# [Task objective]
Copy each line of the listing below exactly and drop the images.

# [Supplied entries]

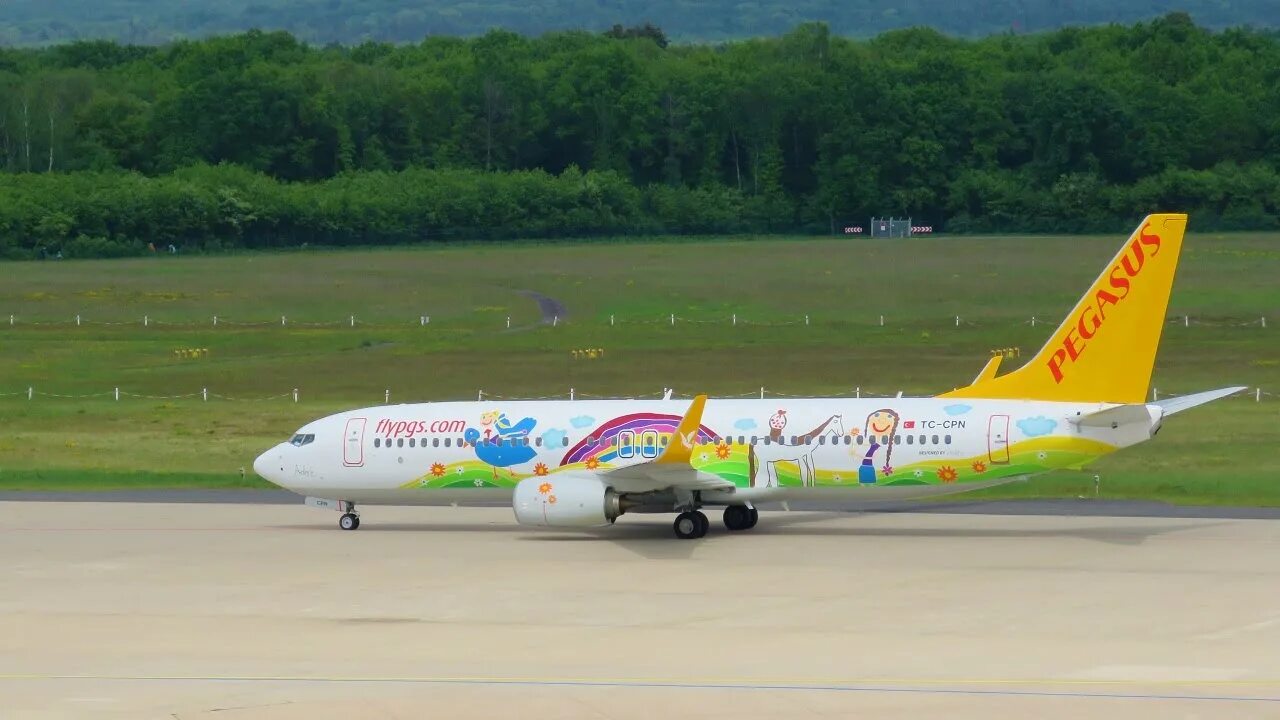 Пегасус эйрлайнс отзывы. Пегасус 737. Боинг 737-800 Pegasus Airlines. Боинг 737 Пегасус. Пегасус Аирлинес Boeing 737-800.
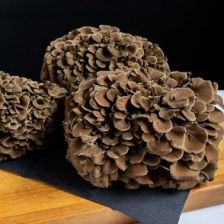 Shogun Maitake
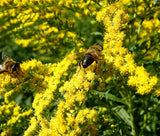 CANADA GOLDENRODE Solidago Canadensis - 1,000 Seeds Garden Plants
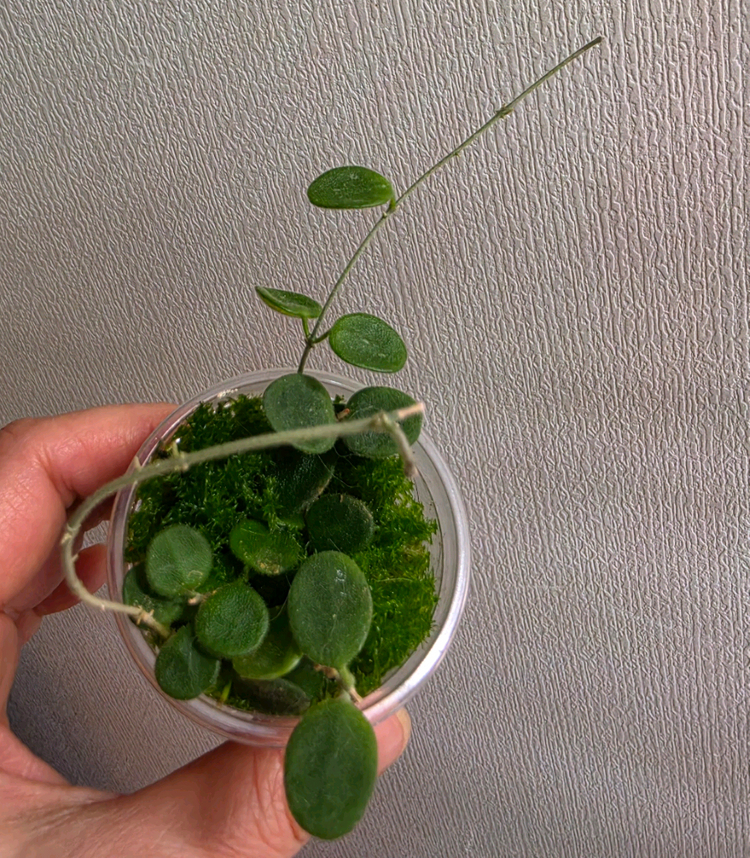 호야 6종세트--4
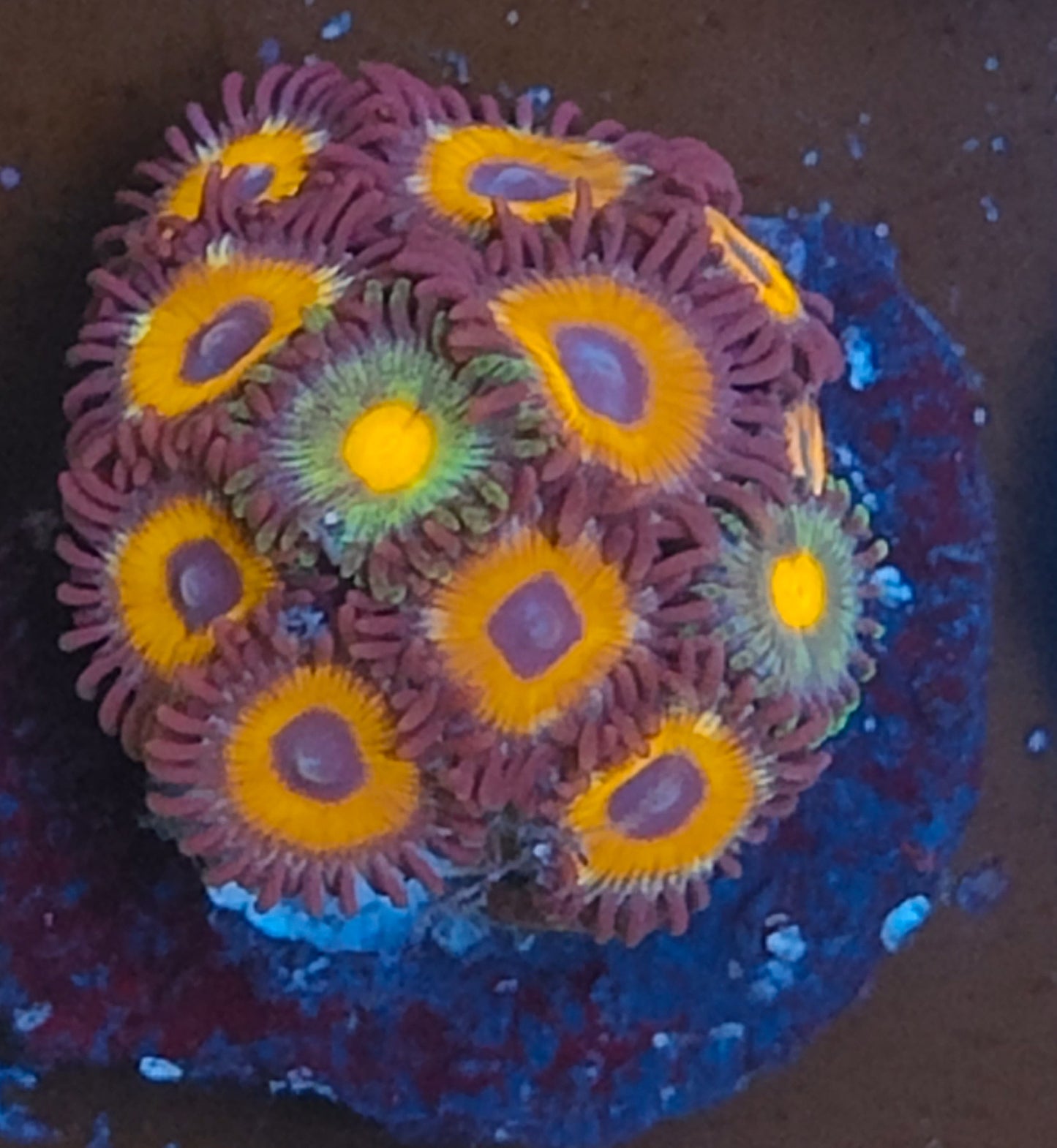 Zoanthus indo WYSIWYG N2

# [Task response]
 Пегасус эйрлайнс отзывы. Пегасус 737. Боинг 737-800 Pegasus Airlines. Боинг 737 Пегасус. Пегасус Аирлинес Boeing 737-800.
 Shogun Maitake
 CANADA GOLDENRODE Solidago Canadensis - 1,000 Seeds Garden Plants
 호야 6종세트--4
 Zoanthus indo WYSIWYG N2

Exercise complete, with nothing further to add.